11. The method of claim 9, further comprising the step of generating the supply voltage from a battery voltage that is higher than the supply voltage.

12. The method of claim 9, further comprising the step of generating a memory supply voltage from a battery voltage that is lower than the memory supply voltage.

13. The method of claim 9, further comprising the step of either generating the supply voltage of a memory supply voltage from a battery voltage at any point in time.

14. The method of claim 9, further comprising the step of using a charge storing device, with at least one capacitor, to generate the supply voltage and/or a memory supply voltage.

15. The method of claim 14, further comprising the step of using the capacitor to generate the supply voltage as well as the memory supply voltage.

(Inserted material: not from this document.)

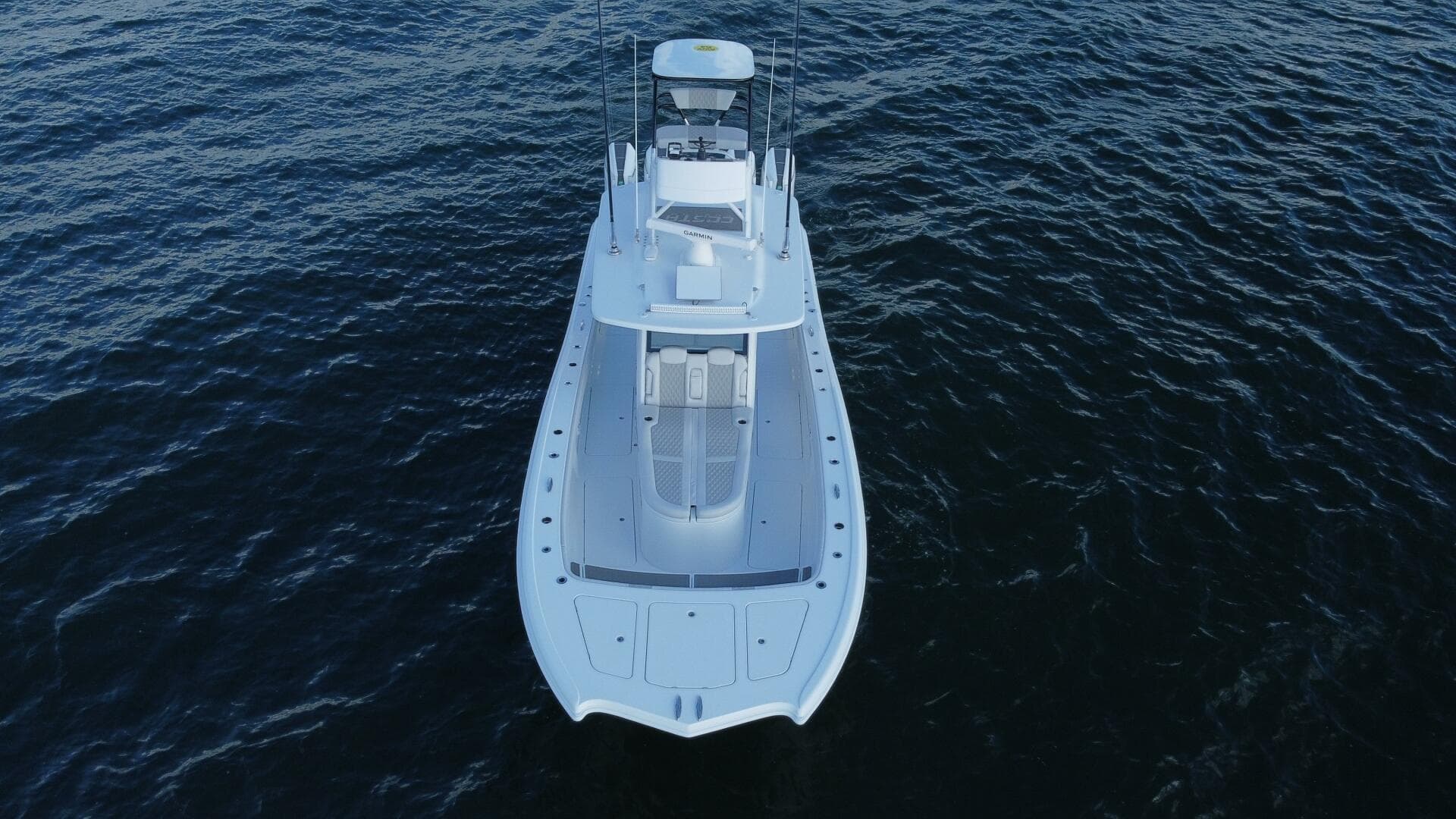2026 Costa Custom 34 SV — photo 6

16. The method of one of the claims 9 to 15, further comprising the step of generating essentially a 50%-duty cycle for the clock signal.

17. A hearing device comprising a processing unit driven by a clock signal, a control unit, and an oscillator unit, wherein the control unit is operatively connected to the oscillator unit which is operatively connected to the processing unit, wherein the clock signal generated by the oscillator unit is adjustable by the control unit via the oscillator unit by taking into account knowledge of computing power needed by a selected hearing program.

18. The hearing device of claim 17, further comprising a source unit wherein the control unit is operatively connected to the source unit, and wherein a supply voltage to supply the processing unit with energy is adjustable by the control unit via the source unit by taking into account knowledge of computing power needed by a selected hearing program.

19. The hearing device of claim 18, further comprising a voltage converter provided in the source unit, the voltage converter being able to generate the supply voltage as well as a memory supply voltage whereas, wherein the supply voltage is lower than a battery voltage and the memory supply voltage is higher than the battery voltage.

20. The hearing device of claim 19, wherein the voltage converter is able to either generate the supply voltage or the memory supply voltage at any point in time.

21. The hearing device of claim 20, further comprising a charge storing device with at least one capacitor operatively connected to the voltage converter.

22. The hearing device of claim 21, wherein the charge storing device is used to generate the supply voltage as well as the memory supply voltage.

23. The hearing device of one of the claims 17 to 22, wherein essentially a 50%-duty cycle for the clock signal is generatable in the oscillator unit.

24. A hearing device comprising a processing unit for processing acoustic signals, a control unit, and a source unit generating a supply voltage, wherein the control unit is operatively connected to the source unit which is operatively connected to the processing unit, wherein the supply voltage generated by the source unit is adjustable by the control unit via the source unit by taking into account knowledge of computing power needed by a selected hearing program.

25. The hearing device of claim 24, further comprising an oscillator unit, wherein the control unit is operatively connected to the oscillator unit and wherein a clock signal generated by the oscillator unit is adjustable by the control unit via the oscillator unit by taking into account the knowledge of computing power needed by a selected hearing program.

26. The hearing device of claim 24, further comprising a voltage converter provided in the source unit, the voltage converter being able to generate the supply voltage as well as a memory supply voltage, wherein the supply voltage is lower than a battery voltage and the memory supply voltage is higher that the battery voltage.

27. The hearing device of claim 26, wherein the voltage converter is able to either generate the supply voltage or the memory supply voltage at any point in time.

28. The hearing device of claim 27, further comprising a charge storing device with at least one capacitor operatively connected to the voltage converter.

29. The hearing device of claim 28, wherein the charge storing device is used to generate the supply voltage as well as the memory supply voltage.

30. The hearing device of one of the claims 24 to 29, wherein essentially a 50%-duty cycle for the clock signal is generatable in the oscillator unit.